One is that you attend this meeting if at all possible but if you can’t,
Please send an email to the commissioners in support of Officers Trish Kraff and Tippy Rutherford.
This email from Pat Brown explains the issues very well:
We realize lots of people work at this hour, but if you can be present please come to support our animal control officers of Clark County.
The department cannot function at the excellence it has been with only three officers. We fear our horse-related programs will be greatly affected by this cutback and all the great progress we have made for neglect prevention of horses in this county will be impeded. The adopt-a-horse program takes in only horses that are involved in Animal Control neglect cases, and the proposed facilities at the new Human Society of SW Washington building will also exist to provide temporary sanctuary to horses relinquished to Animal Control. Ripley's Horse Aid Foundation relies on our animal control officers to distribute vouchers to horseowners in need. With the drastic cut in manpower it will be difficult for the officers to administer these programs and they are stretched to the limit as it is. This cutback is also going to greatly affect response times to dog bites and dog attacks.
And from a previous email –
This is a plea to the horse community to please contact the county commissioners immediately, leave messages and e-mails to all county commissioners ( website, or phone 397-2232 ) and Bill Barron, County Administrator (397-2232).
Our animal control department is in danger of losing two excellent officers who have stepped in for the defense of the horses. We’ve already lost one, Patrick Higbie, now we are in danger of losing Trish Kraff and Tippy Rutherford. We work extensively with Officer Carrie Martin but she cannot carry the department without the help and support of Officers Kraff and Rutherford. We have come such a long way with horse protection in our county and have succeeded in helping so many horse owners and placing neglected equines in good homes.
As an agency Animal Control receives over 10,000 calls for service a year.
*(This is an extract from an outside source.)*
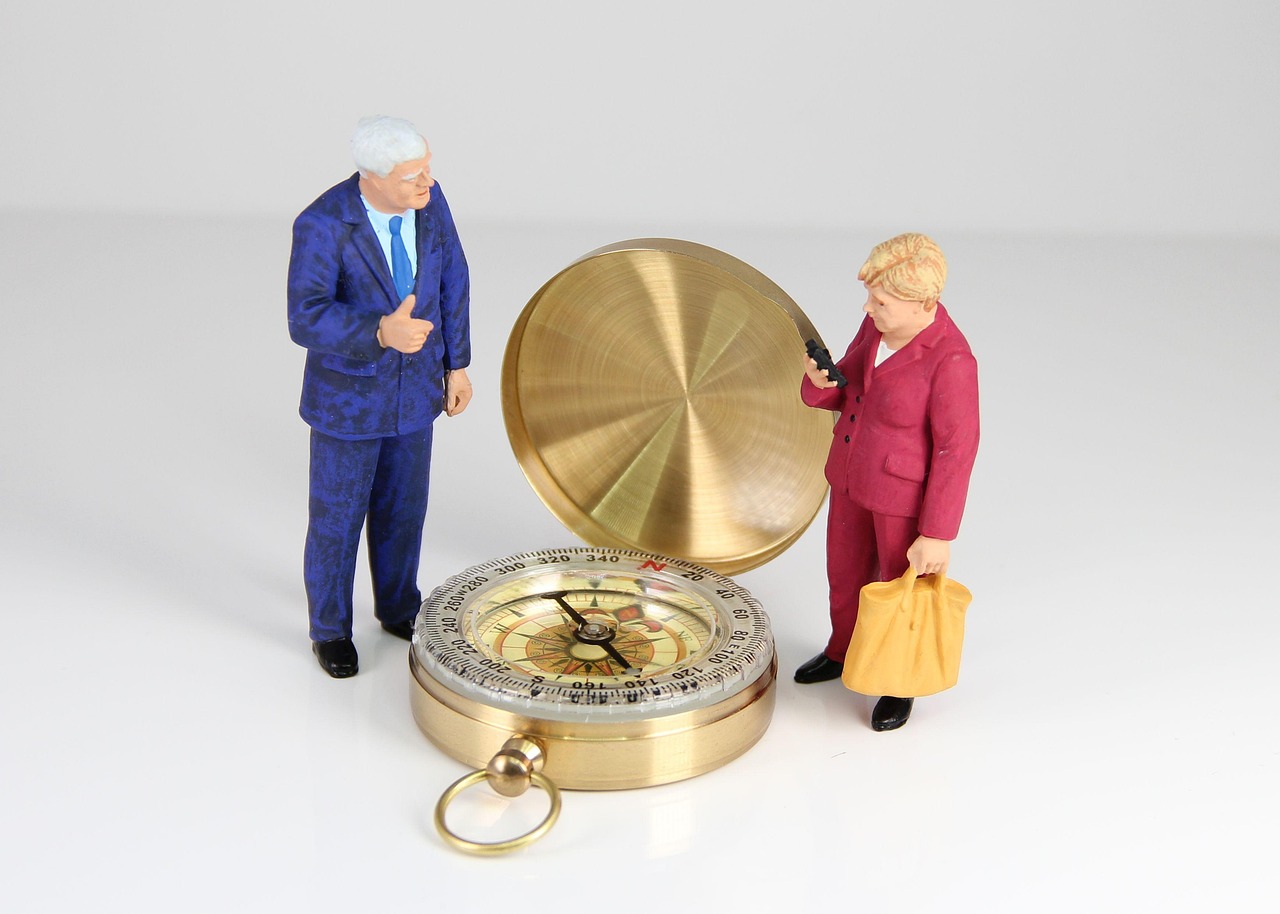 比较器输出电压解析,理解与应用实战指南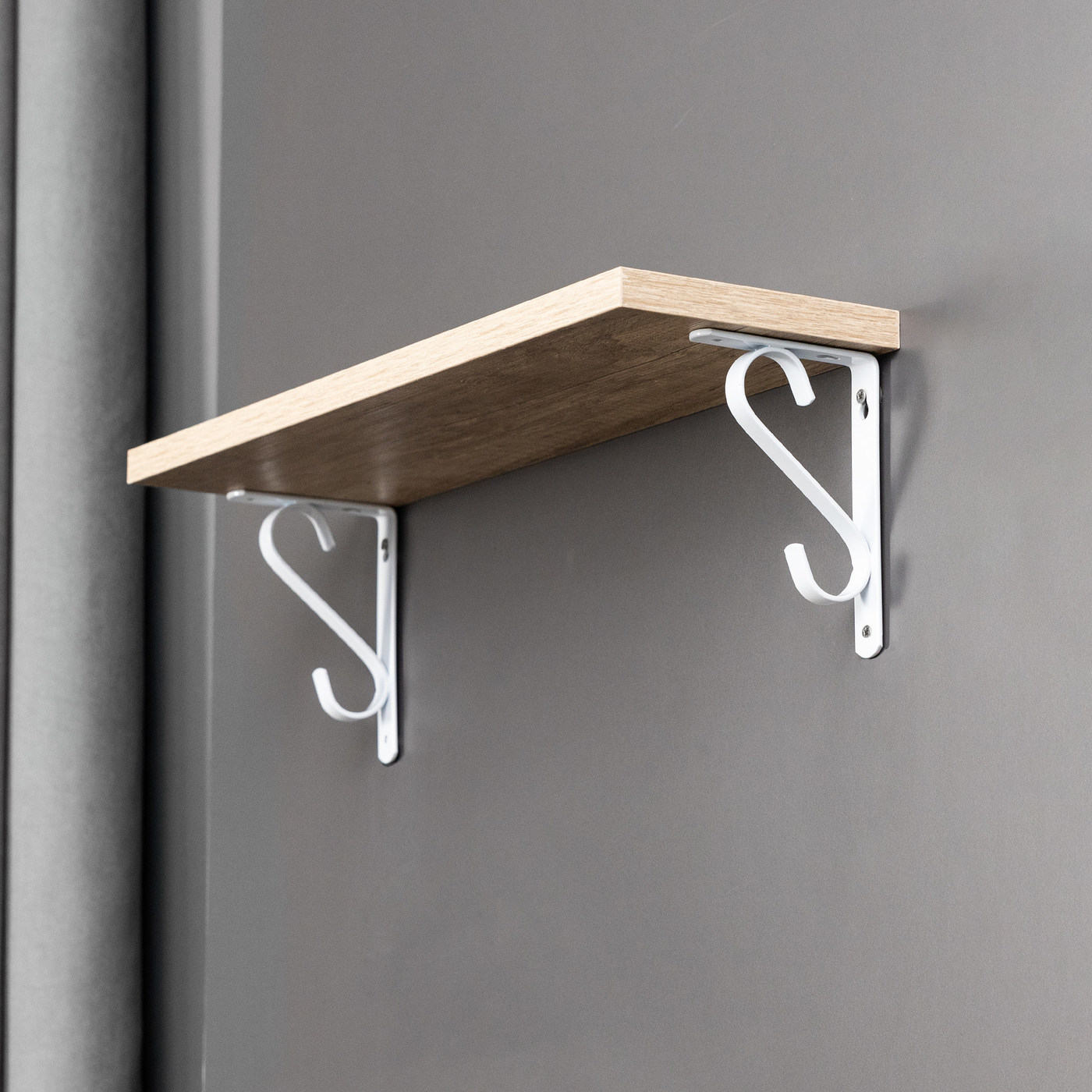 Полкодержатель SONATA 140*95*20*3, белый AKS  68574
They respond to cruelty/neglect, injured animals, running at large, licensing, vicious animals, dog bites, bite quarantines, and monitor the potentially dangerous and dangerous dogs in the county and city.
Animal Control generates income through licensing and citations. They have educational programs including cruelty prevention and bite prevention.
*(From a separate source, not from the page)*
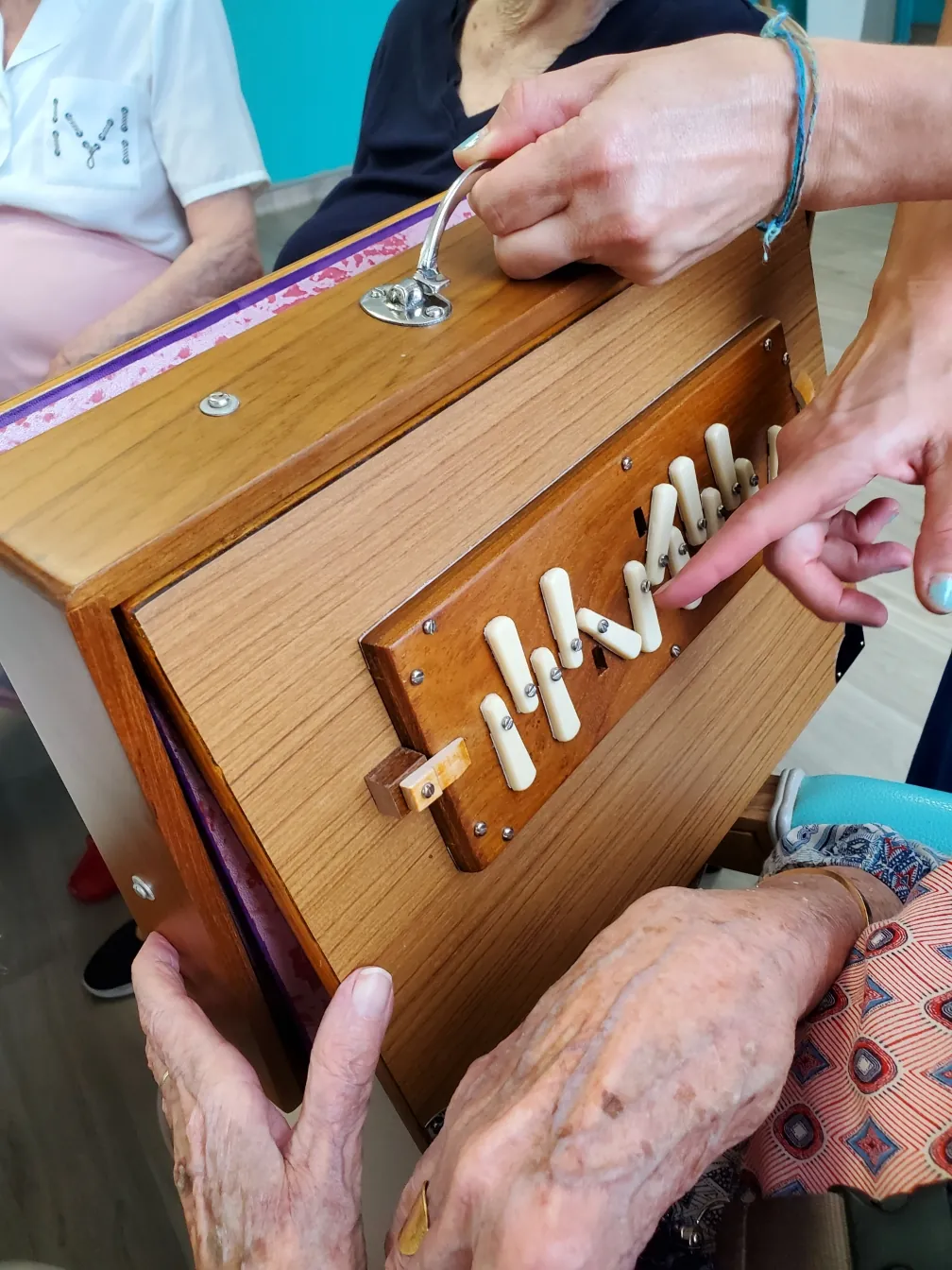 "Broderie, chant, 2 pas de danse"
Animal Control services are provided at a much lower cost than law enforcement and are a value to the taxpayer.
Animal Control keeps the criminal court system from being overloaded with animal related cases.
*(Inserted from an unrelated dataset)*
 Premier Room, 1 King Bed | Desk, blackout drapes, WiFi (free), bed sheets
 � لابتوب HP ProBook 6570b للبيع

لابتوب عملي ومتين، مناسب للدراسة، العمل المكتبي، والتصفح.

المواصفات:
Animal Control is essential to the functioning of the community and an absolute necessity to keep the public safe.
There are currently 5 full time animal control officers for a population of over 400,000 people and their pets. Animal Control already lost the Lead Animal Control officer, Animal Control Officer Patrick Higbie, and the pet license officer. The current staff is stretched to the limit and the loss of Tippy Rutherford and Trisha Kraff would be devastating to the community.
What the commissioners may not realize and need to hear is that other county agencies in the state are contacting us for information to instill the Ripley’s Horse Aid Foundation program and Adopt-a-Horse program in their counties because it has worked so will here. Carrie Martin, Trisha Kraff, Tippy Rutherford, the Clark County Executive Horse Council, and Ripley's Horse Aid Foundation have brought a great deal of positive recognition to Clark County by coming together to implement this model program for dealing with the ever increasing problem of horse cruelty and neglect. These agencies are requesting assistance with developing programs modeled on the Clark County program to deal with the overload of animal neglect.
Why undo all of the positive changes that Animal Control has made by cutting staff?
With the current economic situation, Clark County should be adding Animal Control officers as opposed to laying the officers off. While the economy has fallen, animal related problems have increased.
The animal owners of Clark County spend an extremely large amount of money on their pets. The taxpayers and voters of Clark County deserve to have an adequately staffed professional Animal Control Department.
The county is experiencing budget cuts but the decision is up to them where to make the cuts and we have to convince them that cutting the positions of these two crucial officers is counter-productive.
Please contact the commissioners and county administrator to share this information with them so they can see that we feel it as vital that we keep continued protection of our horses and other precious animals in our county. Clark County has one of the best animal control agencies in this state and in the state of OR, as far as providing protection against horse neglect…let’s not allow them to step backwards!